Another little sneak peak....
6 years ago
Living In Canine Country
I can't help but try and analyze my girls behavior. Since I returned from taking my father and Joe home, Sable and Lucy are acting like sulking teenagers. I wonder if they miss Joe or are they just exhausted from all his rough housing? Perhaps it's the return of warmer temperatures and 90 percent humidity that has them in such a mood? Whatever the reason, I hope a change for the better is coming soon.
I took my father and Joe back to the Ozarks on Monday. The area had a 20 inch snow in some places last Wednesday. It was a beautiful day for a drive with the roads all clear and only snow left in shaded areas.
Despite Joe being a handful around my girls he is a very good dog at my father's home and traveling. He sleeps the entire 11 hour drive except to look up at stops. My father is 97 years old and still living alone and driving(I know :(). I'm glad that he has a dog to keep him company. Joe is so gentle around him. Joe loves to run and has plenty of room in my father's yard as opposed to mine. So it's rather quiet around here now without Joe the terrible and my father.

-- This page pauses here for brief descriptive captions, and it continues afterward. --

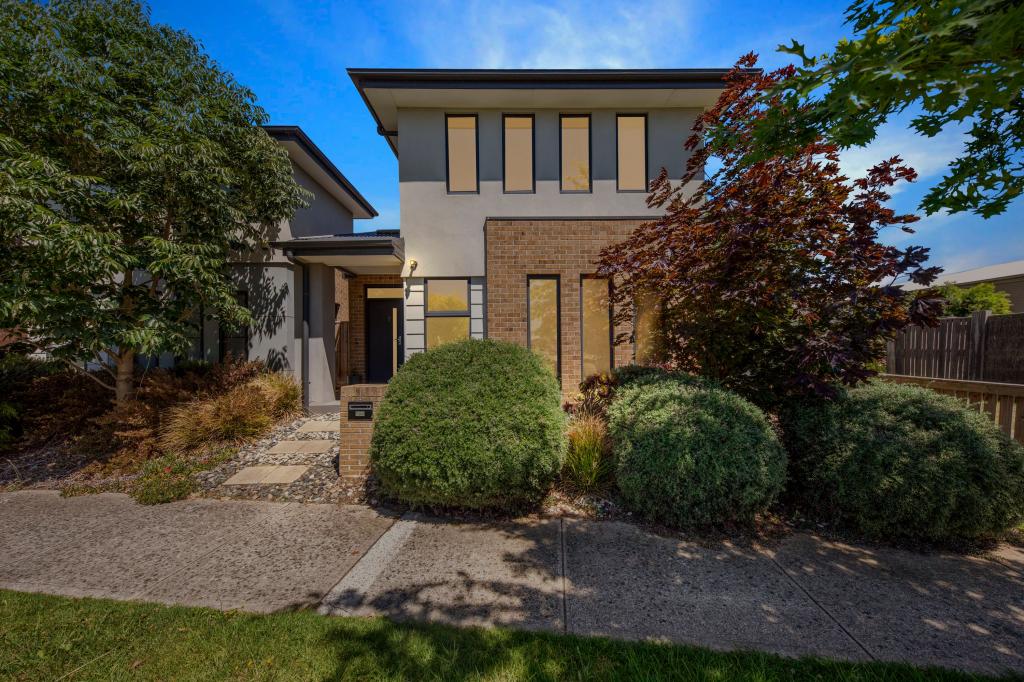 7 Timbertop Bvd, Officer, VIC 3809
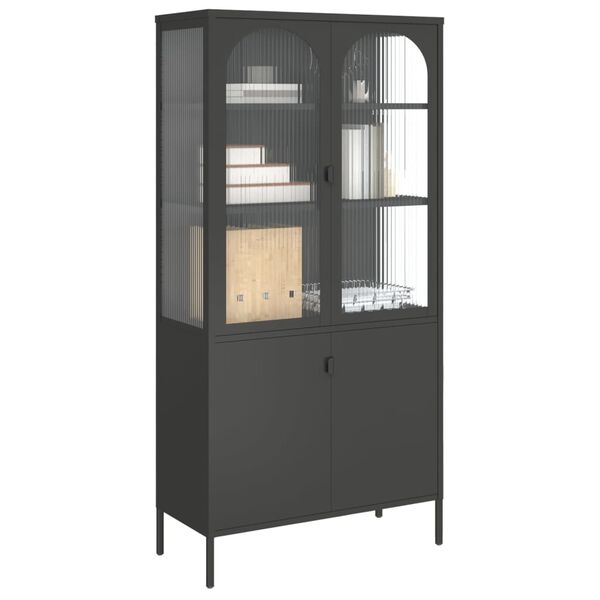 Viser produktbillede 4 af 12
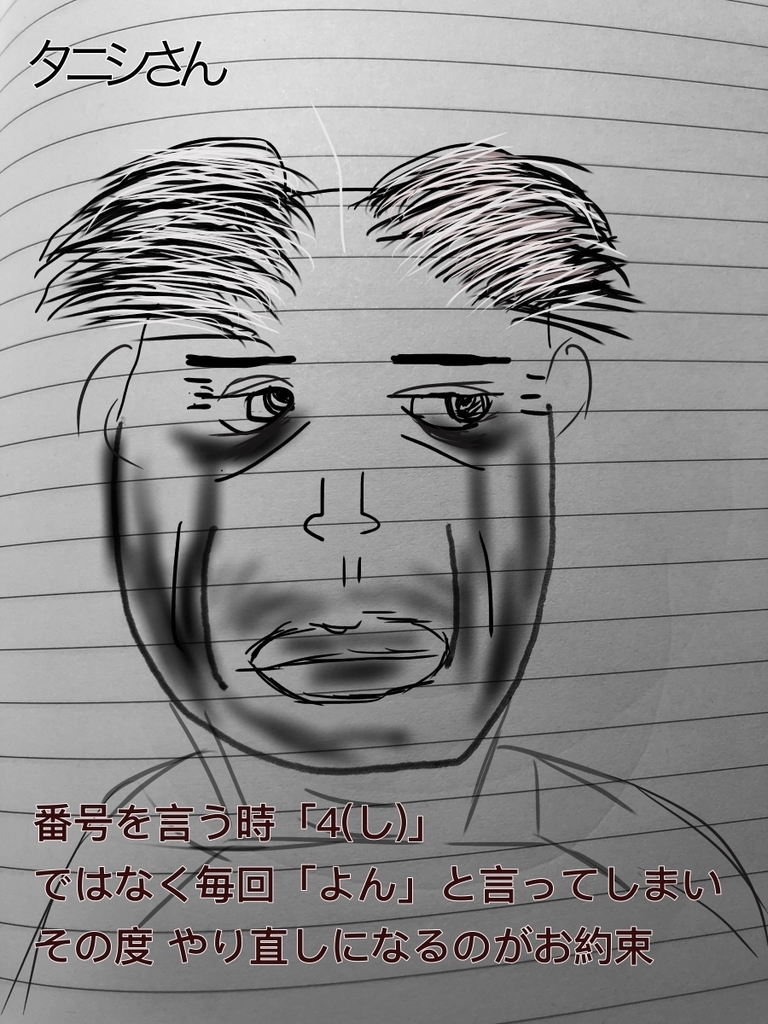 f:id:usakohiroshi242:20181110185038j:plain f:id:usakohiroshi242:20181110185038j:plain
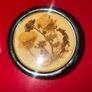 antique mapsa musical box Swiss musical movement Image 2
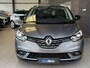 Renault Grand Scenic 1.3 TCe Intens 7p. Automaat | LED | Camera | 7-zits | Drivers Assist | Interesse, Proefrit? Bel of app met: 06-24 28 28 42 / 06-42130156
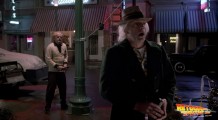 screenshot-back-to-the-future-2-097021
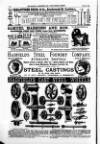 Midland & Northern Coal & Iron Trades Gazette Wednesday 27 June 1883 Page 4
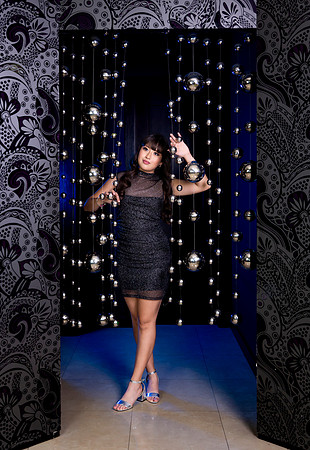 10 06 26 #8600 NANCY JANETH SIFUENTES_CASUAL XV_EYL_FASHIONDRIVE_BRYAN-8826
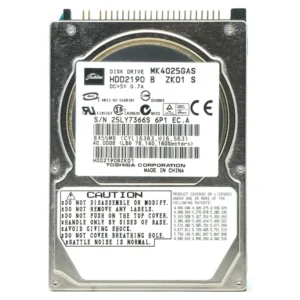 output_s-l1200-1.webp Seagate Exos 7E8 ST2000NM0045 - Seagate 2TB 3.5" SAS 7.2K 12Gb/s Hard Drive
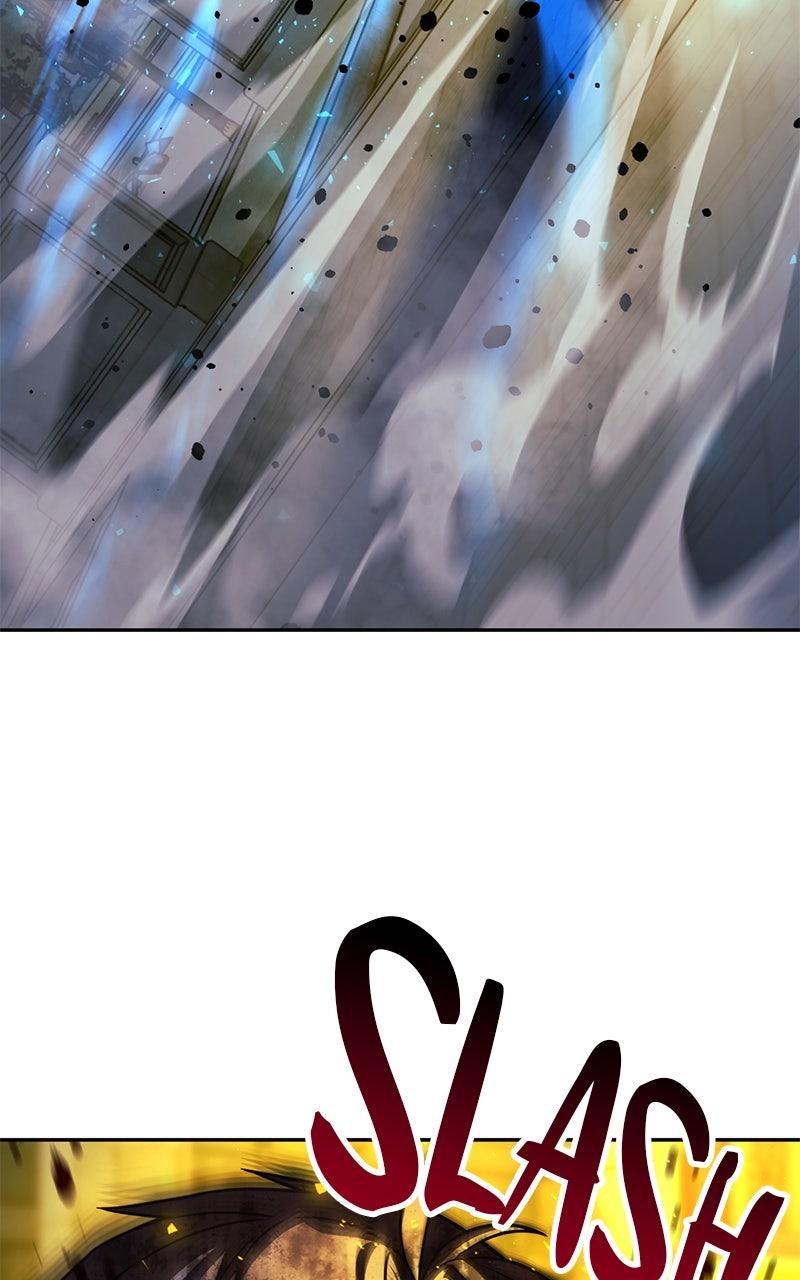 The Extra’s Academy Survival Guide Chapter 74 — page 81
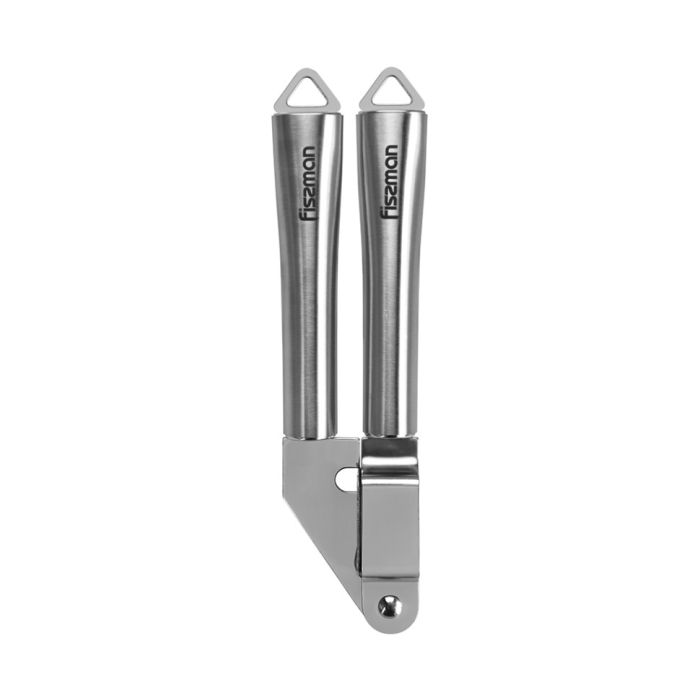 Fissman 1259 BERGAMO stainless steel garlic press
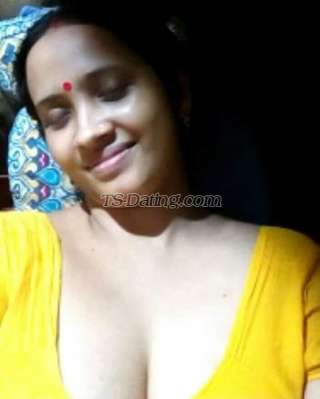trans girl SaniaSethi 0981291 trans girl SaniaSethi 0981291
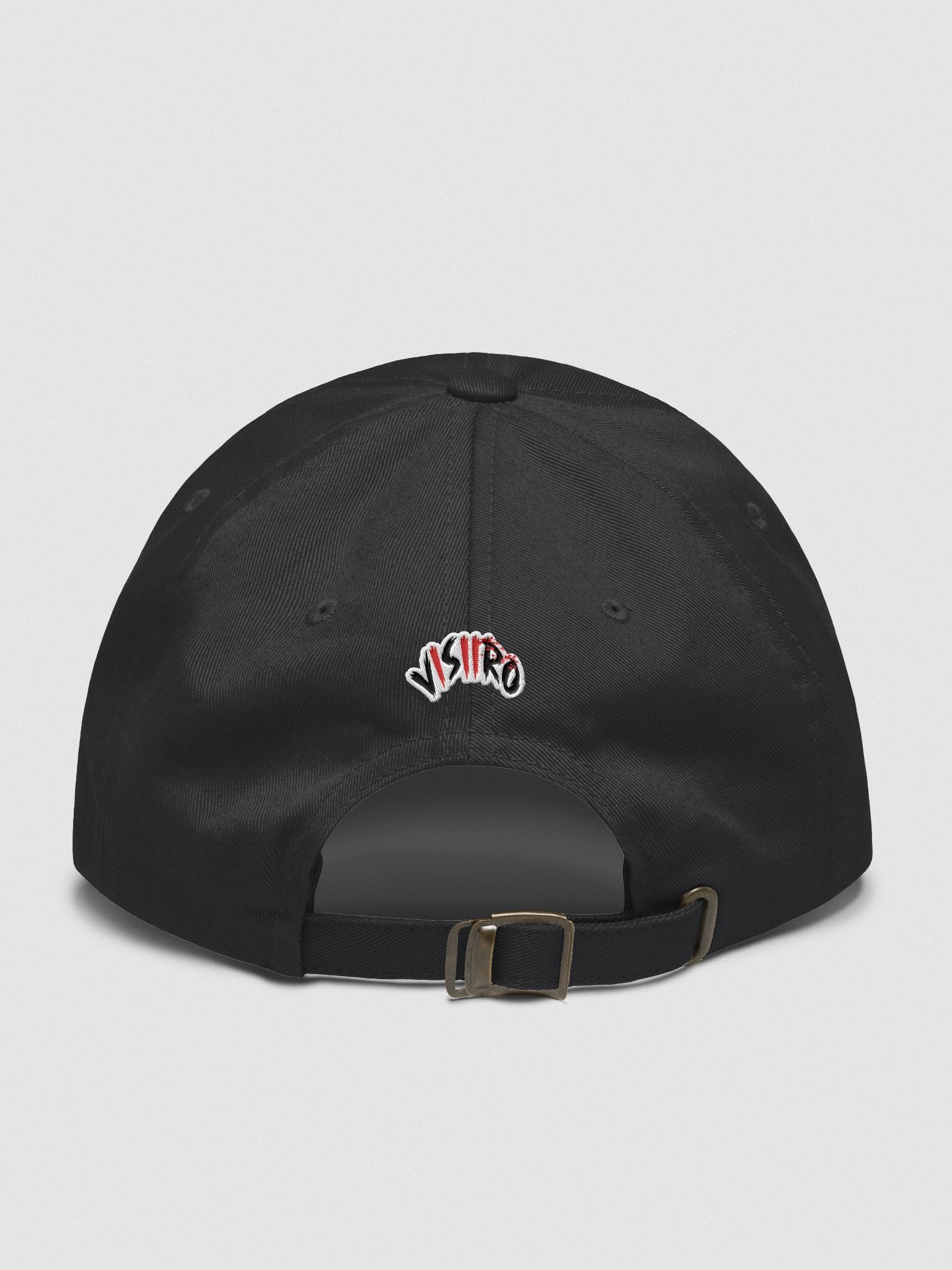 Vis IDK what im doing Skate Wheel product image (2)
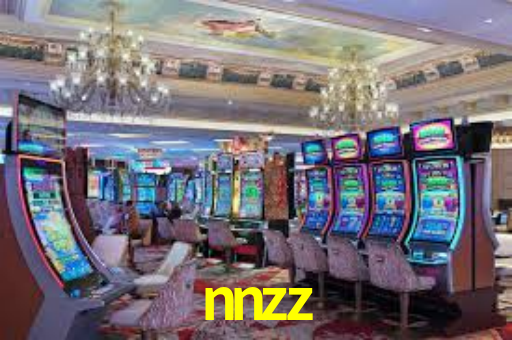 PIX Instantâneo nnzz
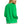 Laden Sie das Bild in den Galerie-Viewer, Sweater Model 169986 Moe | Textil Großhandel ATA-Mode
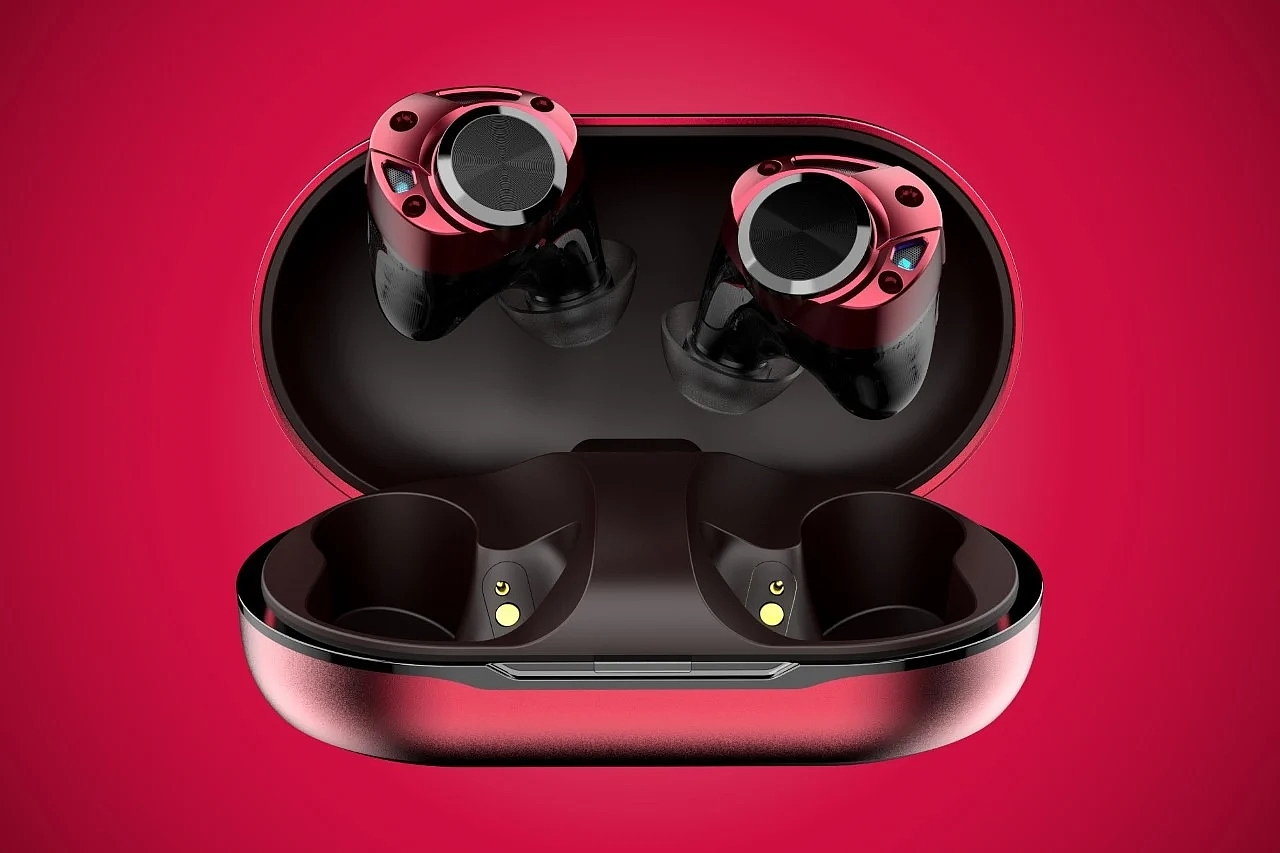 TE-ZX1，headset，Digital，electronic product，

My father came to Houston for medical test earlier this month, along with him came "Joe the terrible" the long legged thief of a dog.
Now I used to be "nasty nice" but have grown less so since having my girls come live with me. I no longer get irrate or nauseous when I get a hair in my mouth. But I'll be damn if my dogs are going to put their muddy, nasty paws on my kitchen table and counters. Joe, on the otherhand, makes himself at home.
My poor Sable, no one has an appetite quite like hers so she's probably the happiest when Joe comes for a visit. He can reach things standing at 5 feet on his hind legs that my girls just can't. During my father's stay, she feasted on a new bag of Earth Grains Health Nut, a package of hamburger buns, a bag of potato chips, a box of Arm & Hammer baking soda, and a package of halls cough drops, all this in the first couple of days before I learned my lesson. Or so I thought until my brother brought some lunch over sealed in Ziploc bags. I sat them on the bar as I walked my brother back to the front door. I came back in and noticed no dogs? Ahh, I thought the excitement of company didn't last long. Then I looked outside to see them licking up the final crumbs of what my brother had brought.